CW: Sexual Assault, Sexual Violence, Rape, Gaslighting, Trauma

By David Ferrell


My graphic illustrates Chapter 6 of Bri Lee’s Eggshell Skull. This chapter reproduces the cross-examination of ‘Jessica’, a witness and complainant in the rape trial, R v Phillips.


By contrasting the construction of form alternatively by line and by colour, I attempt to depict how victim-survivors, engaging in the autobiographical medium of testimony, are subjected to the prescriptive narratives of law and society in the forum of the courtroom.


Lines and clear panelling are used when representing experiences and spaces mediated by sanctioned forms of story-telling.
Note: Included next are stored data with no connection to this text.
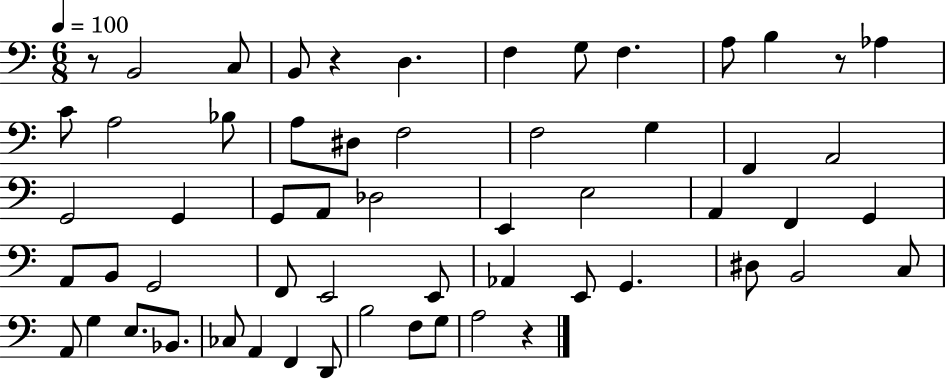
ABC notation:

X:1
T:Untitled
M:6/8
L:1/4
K:C
z/2 B,,2 C,/2 B,,/2 z D, F, G,/2 F, A,/2 B, z/2 _A, C/2 A,2 _B,/2 A,/2 ^D,/2 F,2 F,2 G, F,, A,,2 G,,2 G,, G,,/2 A,,/2 _D,2 E,, E,2 A,, F,, G,, A,,/2 B,,/2 G,,2 F,,/2 E,,2 E,,/2 _A,, E,,/2 G,, ^D,/2 B,,2 C,/2 A,,/2 G, E,/2 _B,,/2 _C,/2 A,, F,, D,,/2 B,2 F,/2 G,/2 A,2 z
The formation of objects and scenes by clear lines signals rational spaces and acceptable narrative orderings.


The first page illustrates the court as such an epistemologically structured space, composed of conventional, strictly geometric and symmetrical panelling, and clear linework. The ordering, isolating logic of law is represented by the visual partitioning of the figures by the vectors of the bannisters.


‘Nervous disposition’ (Lee 86) – the words used by the prosecutor to introduce Jessica’s testimony to the jury – are visually superimposed upon Jessica within the frame. This suggestion by the prosecutor forms the seed of the jury’s ‘narrative of Jessica’. From this seed, other labels are invited upon the female witness. These appear, disavowed from the positive space of the panel, in the negative space of the gutters; multiplying and surrounding the sanctioned narrative.
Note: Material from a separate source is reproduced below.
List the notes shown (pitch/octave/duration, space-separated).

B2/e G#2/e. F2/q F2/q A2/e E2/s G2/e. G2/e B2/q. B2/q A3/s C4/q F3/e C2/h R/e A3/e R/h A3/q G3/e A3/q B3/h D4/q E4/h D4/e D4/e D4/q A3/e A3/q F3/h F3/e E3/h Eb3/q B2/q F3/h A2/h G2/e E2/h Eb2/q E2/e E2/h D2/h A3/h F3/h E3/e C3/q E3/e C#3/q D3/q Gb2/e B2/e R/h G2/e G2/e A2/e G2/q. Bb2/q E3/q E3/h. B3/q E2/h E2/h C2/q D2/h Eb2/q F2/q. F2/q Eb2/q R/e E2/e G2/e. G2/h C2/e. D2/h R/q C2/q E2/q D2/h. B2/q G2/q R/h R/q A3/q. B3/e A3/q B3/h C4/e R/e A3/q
Dominant colour and the omission of clear lines and panelling, by contrast, are used to reflect the confusion and chaos of unmediated experience; in particular, experiences of trauma, which fail to be processed by normal narrativising and linguistics discourses and remain sensorially visceral. The second page, depicting Jessica recounting her memory of the traumatic incident, blends times, scenes and perspective in intense, flowing hues of dark colour. Raw sensory imagery is evoked by diegetic sound inserts: ‘FLUSH!’ and ‘SHOUT!’. Time is blurred and confused in the middle scene, depicting multiple interactions between the same two figures without clear temporal division or a linear flow of time across the panel.


The unmediated sensorial and imaginative chaos of this traumatic memory flows into the forum of law in the third page. Reflecting law’s reliance upon heavily circumscribed and mediums of story-telling, however, Jessica’s questioning by the barrister violently re-encloses her within the narrative form of the panel, within the disciplining epistemologies of the courtroom, depriving her of her own phenomenological sense-making, confining her to the logic of her audience. The disavowed pejoratives return and surround her captivity.


The final page depicts the witness in place of the criminal in Gustav Klimt’s ‘Jurisprudence’. Like the criminal figure, the witness is reduced to bare humanity before the pervasive domination of legal evaluation. The witness stands before the law, with hands unbound, seeking justice, but instead, subjected to the law’s hegemony over truth, becomes publicly the object of judgment. This frozen portrait is ultimately enclosed by the image of the courthouse, an entrapping network of geometric lines.